あ、わかった! 足りないのは大根なんだ!』
そのとき、彼に声をかけてきた人がいます。
『大根が無いとか言って、悩んでいるようですね。でも心配しなくていいんですよ。外を見てごらんなさい』」
「...と、その三宅・志麻さんは言いました」
「三宅志麻さん? お手伝いさん?」
「奥さんかもしれない。日本人の」
「国際結婚か」
「大根は無くても、私達の溢れる愛と、サミットがあるじゃないですか。アパートの向かいには」
「サミット?」
「スーパーマーケットの“サミット”です」
「愛は無くてもいいような気がするけどな」
「でも、愛が無いと」
「愛は最高の調味料だから」
「なるほどね。
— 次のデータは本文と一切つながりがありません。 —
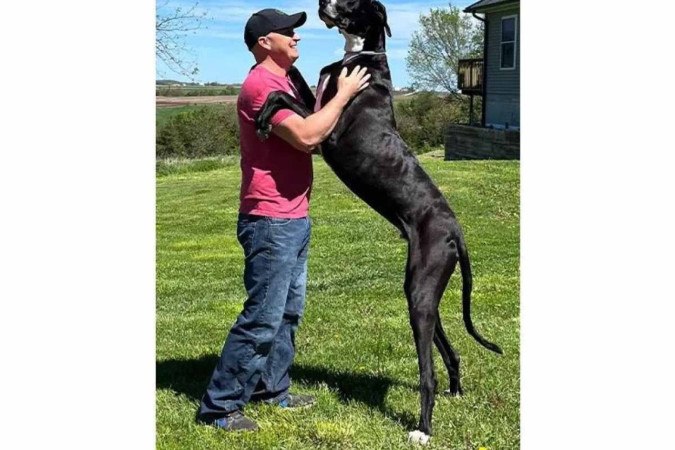 Kevin, o cachorro mais alto do mundo -  (crédito: Guinness World Records/ reprodução)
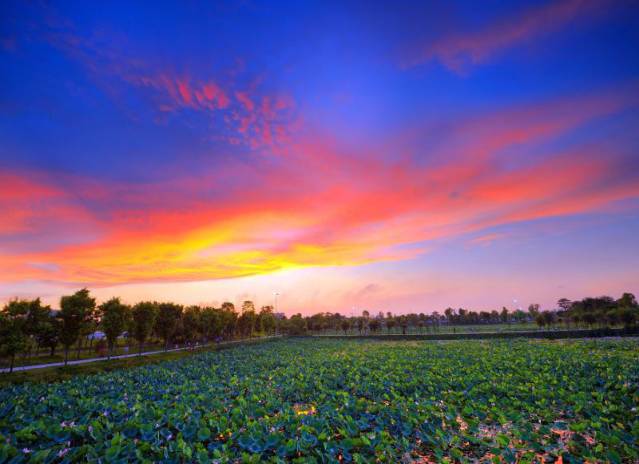 对话｜中山“北大门”东凤镇将要迎来新一轮的大升级！听杨安队说了什么？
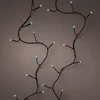 Novogodišnja LED rasveta Twinkle 300cm-40L Lumineo 494108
じゃ、この三宅志麻さんは恋人か奥さんなんだ」
「愛人かもしんないけど」
「その三宅志麻さんに向かって、男は言いました。
『君はいきなり何てこと言うんだ。サミットは確かにありがたいとして、いきなりやってきて愛を押し付けるなんて。まるで低俗な風俗産業だ』」
「ストーカーか、じゃあこいつ(三宅志麻)は」
「恋人とか奥さんじゃなさそうです」
「と、その男・カメイサンは...」
(一同、笑)
「亀井さん!?」
「外国人じゃなかったんですか?」
「カメーイサン、とかなのかな(アクセントを「メー」に)」
「亀井さんじゃない。カメイサン(アクセントを「メ」に)」
「カメイサン(アクセントを「カ」に)」
「イザヤ・ベンダサンみたいなのね」
「それで行こう。カメイサン」
「カメイサンは、懐に銃を持ってましたんで、銃を撃つこともやぶさかではありませんでした」
「なるほど」
「そりゃ、住居に勝手に侵入して来るストーカーにはねえ」
「外人だし」
「『フリーズ!』っつって動いたら撃ち殺してもいい国もあるしねえ」
「おりしも、テレビでは」
「ああ、ついてたんだねえ」
「『官民一体となり...』
とかなんとか官房長官が弁明をしている最中でしたが、男は怒りにかられてテレビに弾丸を撃ち込み、
『お前は黙って大根を買ってきてくれればいいんだ!』
と叫んだのでした」
「つまり使用人なんだね。三宅志麻さんは、一方的に想いを寄せているけど、カメイサンにとっては単に使用人だから、料理さえ作ってくれればいい」
「でも、銃を撃ってる...」
「テレビで官房長官がなんか言ってるんだけど、そこに銃弾撃ち込んで」
「ヒステリーかい」
「大根を買ってきた三宅さんは、カメイサンに出しました」
「きっと、サンマが出てきたけど、大根おろしがついてなかったんで激怒したんだね、カメイサンは」
「じゃ、そういうことにします。大根をおろしてサンマに添えてだしたんですが、三宅さんはその横にナンを出しました」
(一同、笑)
「ナンって、あのインド料理のやつね」
「当然、カメイサンは怒ります。
『ナンは合わないだろう、三宅さんよぉ。』
でも、三宅さんは
『いや、セーフでしょう』
と言います。カメイサンは
『ナンでもセーフに反対...』
(一同、爆笑)
「サンマにナンはねえだろう」
「三宅さんは涙ながらに訴えるんです。
『何で、私の心のこもった料理が食べられないんですか!?』
『君がいくら心をこめようと関係無い。俺は裏の世界に生きる男だから...』銃を持ってるぐらいだからね『裏の世界に生きる男だから、誰とも心を通わすつもりはない。当然、キミとも心を通わすつもりはない。だからミヤケ。そんなことはよさんか』」
「とかなんとか脅したりして三宅さんを動かしていました。なお、テレビは...ぶっ壊れたんでしたっけ?」
「ぶっ壊れてます。銃弾撃ち込まれて」
「テレビでは官房長官の交代というニュースが流れてたんですが、ぶっ壊れてたんでわかりません。ので、本編には関係ありません。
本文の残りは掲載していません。